The masterpiece would lead only to the completion of a small stream in Hamburg in Teufelsbrück, the carpenter had a covenant with the devil, who promised the first soul he would cross the bridge. On the day of the inauguration, when the priest and the district councilor were discussing who should get off the bridge first, a rabbit crossed it and the disappointed devil disappeared. A statue represents the legend there.The legend of Ponde della Madeleine in Borgo a Mozano, in the province of Luke, tells of a local monk, often a Saint Julian, who contracted with the hospital, the devil. On the day of childbirth, the monk sets fire to a dog or pig and tricks the devil into crossing the bridge.

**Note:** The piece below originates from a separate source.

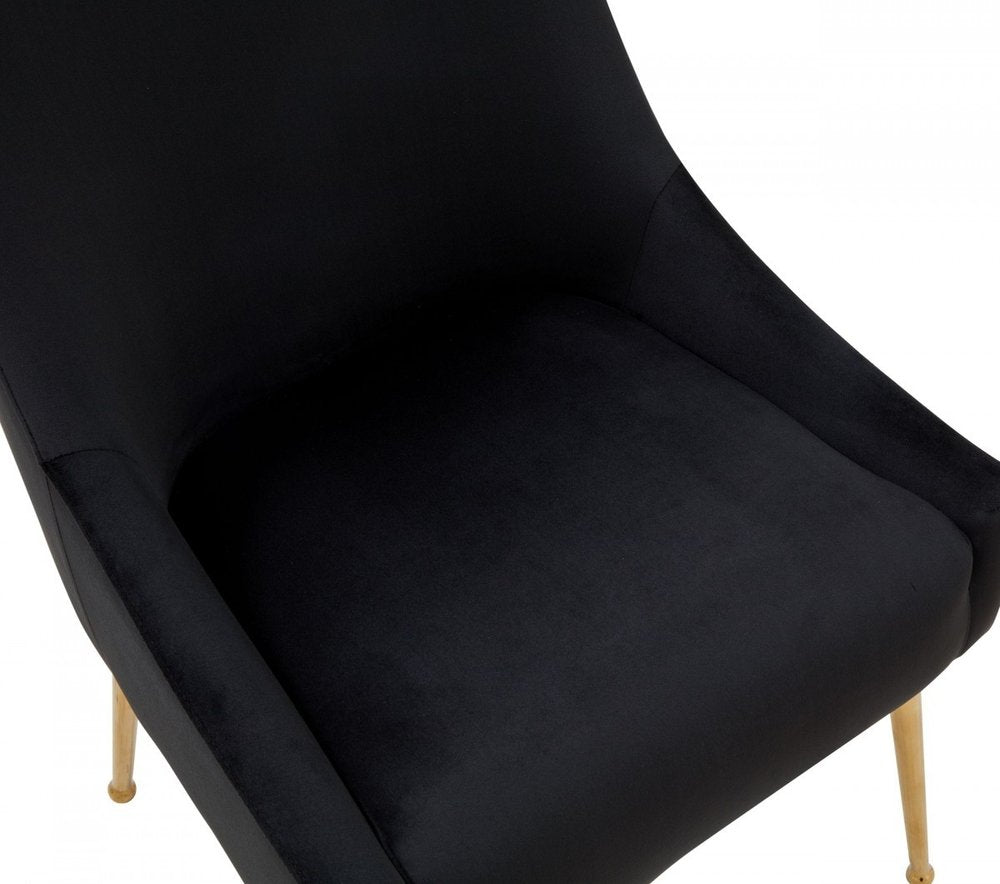 Set of Two Black and Gold Upholstered Velvet Wing Back Dining Arm Chairs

At Chen, a thirteenth-century hearer tells of an architect who sold his soul to Satan and then continued to repent. M. of Sense. Le Guerrero cast out the devil with holy water and a demonic formula beginning with the words Wade Retro Satan, which he repented of. This formula was sometimes incorporated into the design of the famous St. Benedict’s Medal. Most bridges that have received Devil’s Bridge appeal are significant in some respects, often overcoming technical barriers to bridge construction, but sometimes serve for its aesthetic grace, or for its economic or strategic importance to the community.